[Opening GIVEN INFORMATION section]

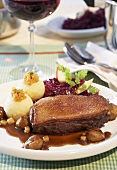 Duck breast with chestnuts, potato dumplings and red cabbage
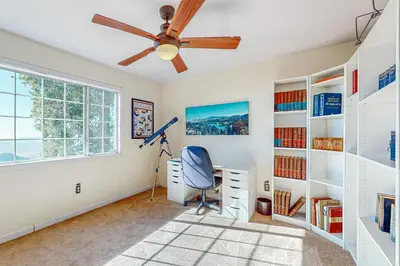a home office with a ceiling fan and a desk at Tree-mendous Skypark-View Cabin in Skyforest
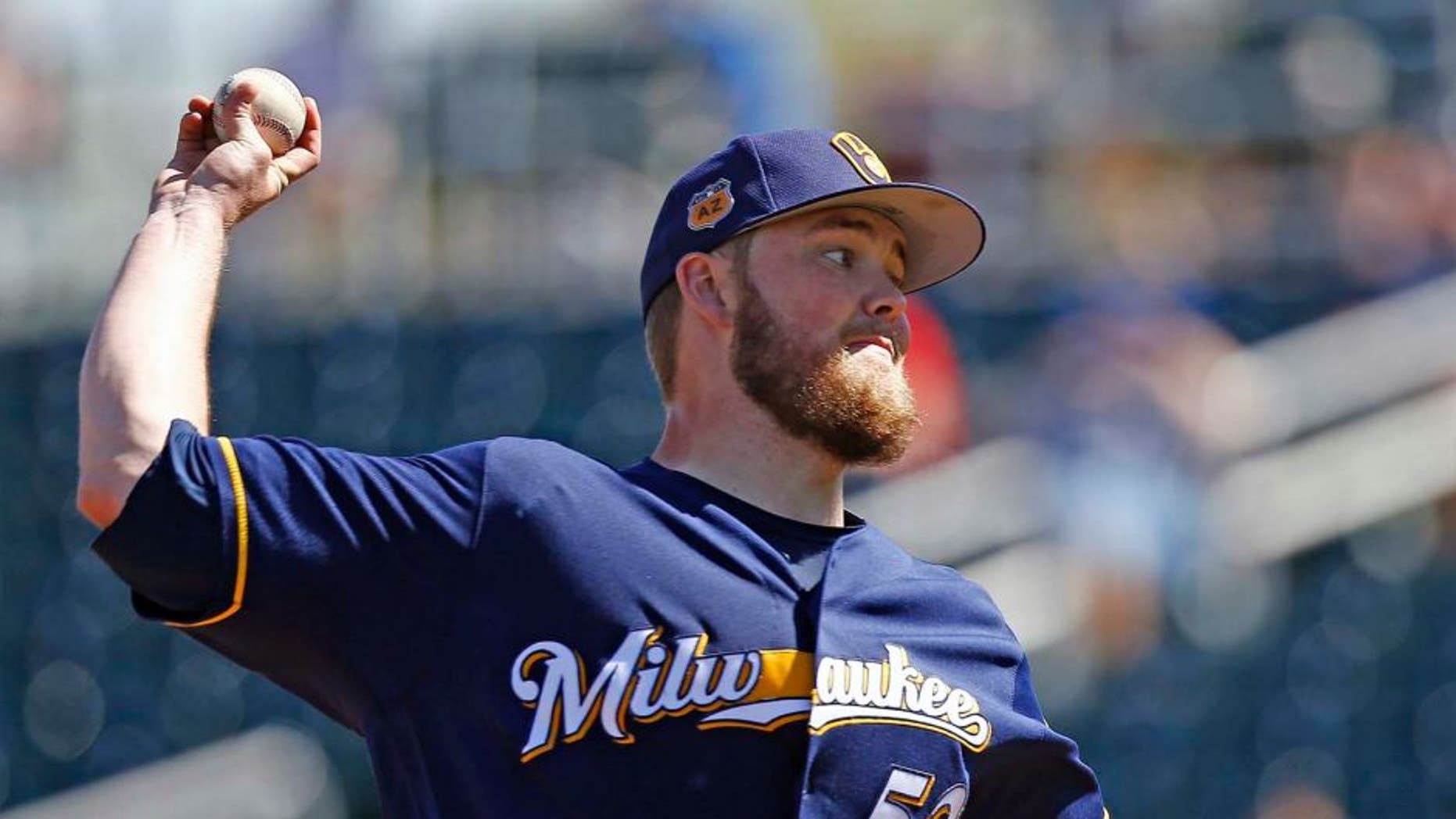 Milwaukee Brewers starting pitcher Jimmy Nelson throws against the Cincinnati Reds during the first inning of a spring training baseball game Sunday, March 12, 2017, in Goodyear, Ariz. (AP Photo/Ross D. Franklin)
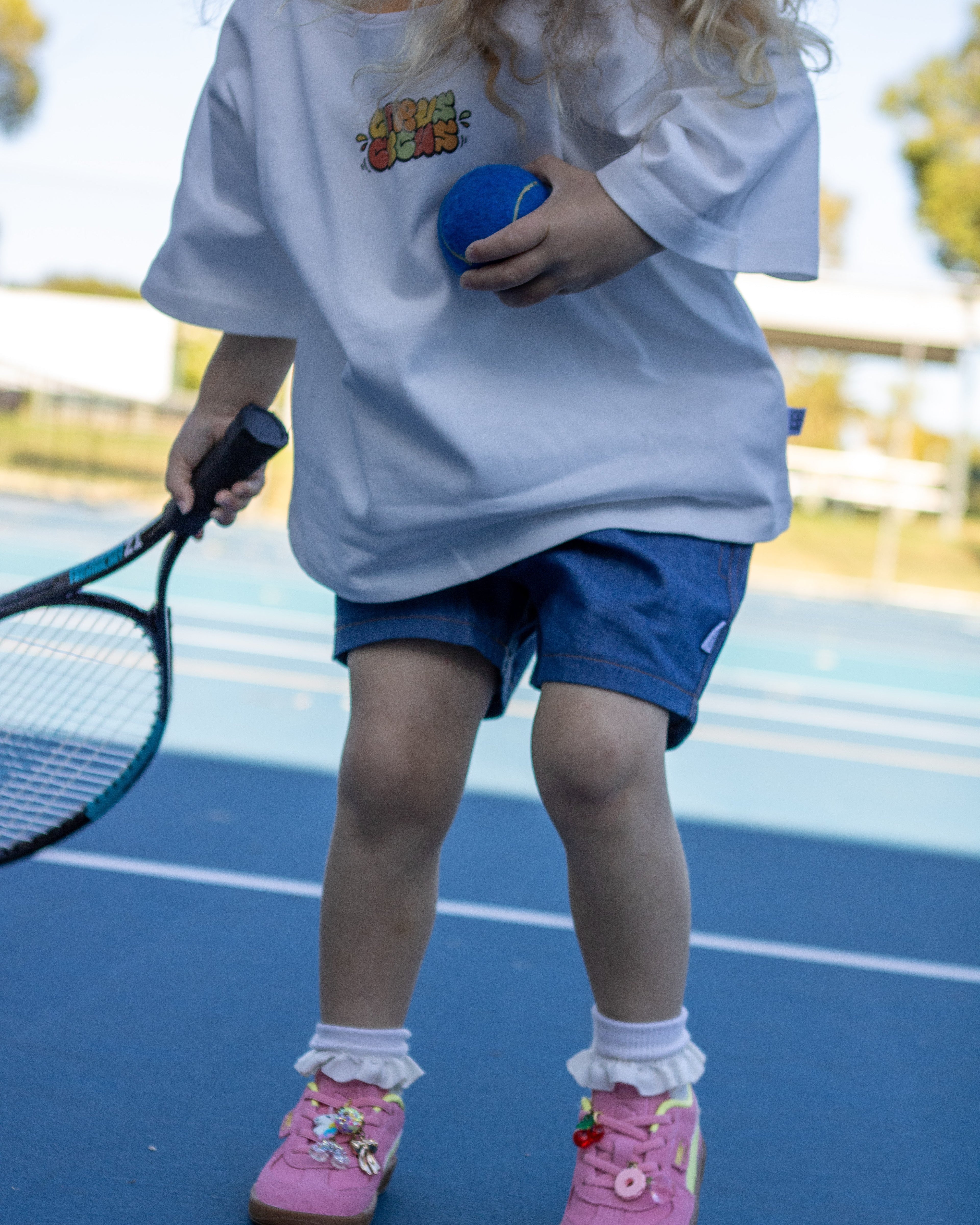 Citrus Circus Starburst OG tee on child at tennis court - oversized kids white tee and navy cotton shorts holding tennis racket and ball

[Closing GIVEN INFORMATION section]

Within the listing above, find the line containing "Milwaukee Brewers starting", then print it and every line after it exactly, leaving out pictures.

 Milwaukee Brewers starting pitcher Jimmy Nelson throws against the Cincinnati Reds during the first inning of a spring training baseball game Sunday, March 12, 2017, in Goodyear, Ariz. (AP Photo/Ross D. Franklin)
 Citrus Circus Starburst OG tee on child at tennis court - oversized kids white tee and navy cotton shorts holding tennis racket and ball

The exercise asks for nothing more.